Pravin Gordhan, ministre des Finances respecté des marchés, champion de la lutte contre la corruption et adversaire n°1 de Jacob Zuma au sein du gouvernement, a été la principale victime de ce coup de force, remplacé par Malusi Gigaba, un proche du chef de l'Etat.
La note souveraine de l'Afrique du Sud, sous la menace d'une dégradation depuis plusieurs mois en raison de ce climat politique précaire, n'a pas survécu à ce coup de grâce.
"Cette annonce est un appel aux Sud-Africains (...) à accélérer la croissance inclusive et le développement.Réduire la dépendance aux capitaux étrangers pour financer l'investissement (...) permettra d'assurer la souveraineté et l'indépendance économique du pays", a réagi le nouveau ministre des Finances dans un communiqué.

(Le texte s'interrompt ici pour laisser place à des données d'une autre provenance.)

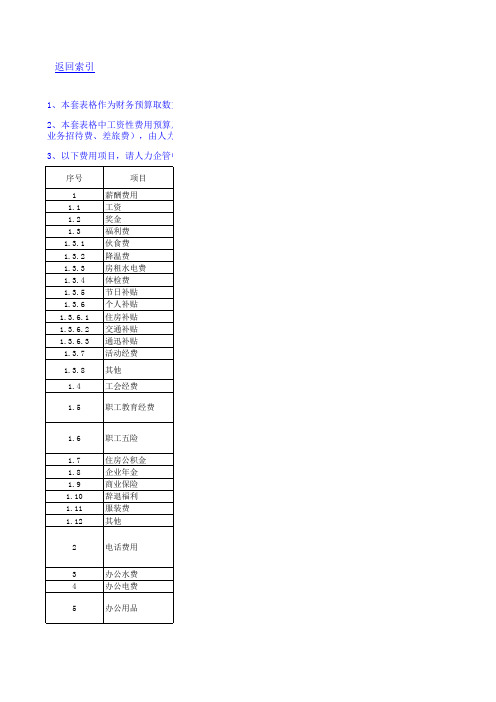 管理费用预算表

Ce remaniement ministériel a été sévèrement sanctionné par les marchés financiers qui appréciaient la droiture de Pravin Gordhan.Le rand sud-africain perdait lundi soir 2% face au dollar après avoir déjà essuyé de lourdes pertes (-5%) face au billet vert depuis vendredi.
L'agence Moody's, qui classe pour l'heure l'Afrique du Sud, deux crans au-dessus des catégories spéculatives (Baa2), a annoncé lundi soir placer le pays sous surveillance en vue d'une potentielle dégradation.

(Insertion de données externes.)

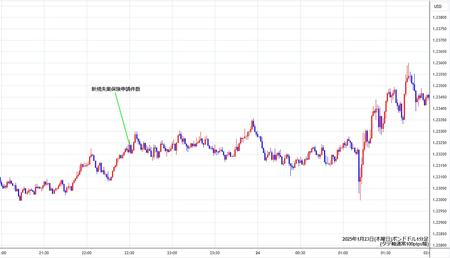 gbpusd1min250123.jpg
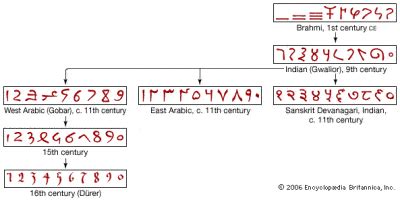 INDIAN MATHEMATICS & MATHEMATICIANS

"Cette décision a été prise suite au changement abrupt dans le leadership d'institutions-clés du gouvernement", justifie l'agence dans un communiqué.
- Crise politique -
Et à cette incertitude économique s'ajoute une crise politique.Le grand coup de balai au sein du gouvernement n'a pas fait que des heureux au sein du Congrès national africain (ANC), le parti au pouvoir, plus que jamais divisé.
Lundi, selon des médias locaux, la commission d'intégrité de l'ANC, s'est dite "profondément perturbée" par l'absence de consultation précédant le remaniement.

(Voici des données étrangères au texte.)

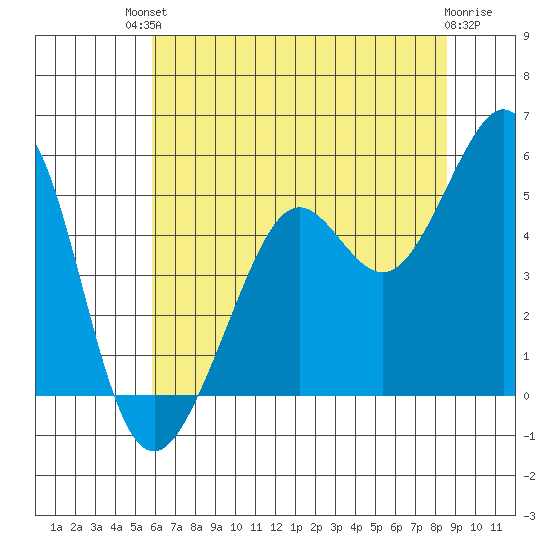 Richmond Harbor tide chart for Sunday, July 2, 2023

Vendredi, le vice-président Cyril Ramaphosa en personne avait même qualifié d'"inacceptable" le limogeage de Pravin Gordhan.
Lundi soir, Mmusi Maimane, le leader du principal parti d'opposition, l'Alliance démocratique (DA), a estimé que la décision de Standard & Poor's était un "vote clair de défiance contre le président Zuma".
Plus tôt dans la journée, il avait appelé aux côtés de quatre autres formations d'opposition, dont les Combattants pour la liberté économique, à l'organisation d'un vote de défiance devant le parlement pour faire partir Jacob Zuma.
"Il ne s'agit pas d'un exercice académique.Nous sommes sérieux, nous travaillons pour que Jacob Zuma parte", avait lancé M. Maimane au cours d'une conférence de presse commune.
Dimanche, la présidente du Parlement, Baleka Mbete, est rentrée en toute hâte d'un voyage au Bangladesh pour étudier la demande d'organiser un tel vote.
"Je perçois les défis extrêmes et le sentiment d'anxiété que traverse notre jeune démocratie actuellement", a-t-elle déclaré.
Si Jacob Zuma a survécu à plusieurs votes de défiance depuis l'an dernier, les divisions profondes de sa majorité pourraient aujourd'hui rebattre les cartes.
L'ANC possède une confortable majorité au parlement (249 sièges sur 400), mais l'opposition doit seulement "retourner" 50 parlementaires pour obtenir la majorité simple nécessaire au succès de sa motion.
"Je ne vois pas les députés de l'ANC se diviser, cela donnerait trop d'importance à l'opposition.Même ceux qui n'aiment pas Zuma ne veulent pas cela", relativise néanmoins auprès de l'AFP l'analyste indépendant Daniel Silke.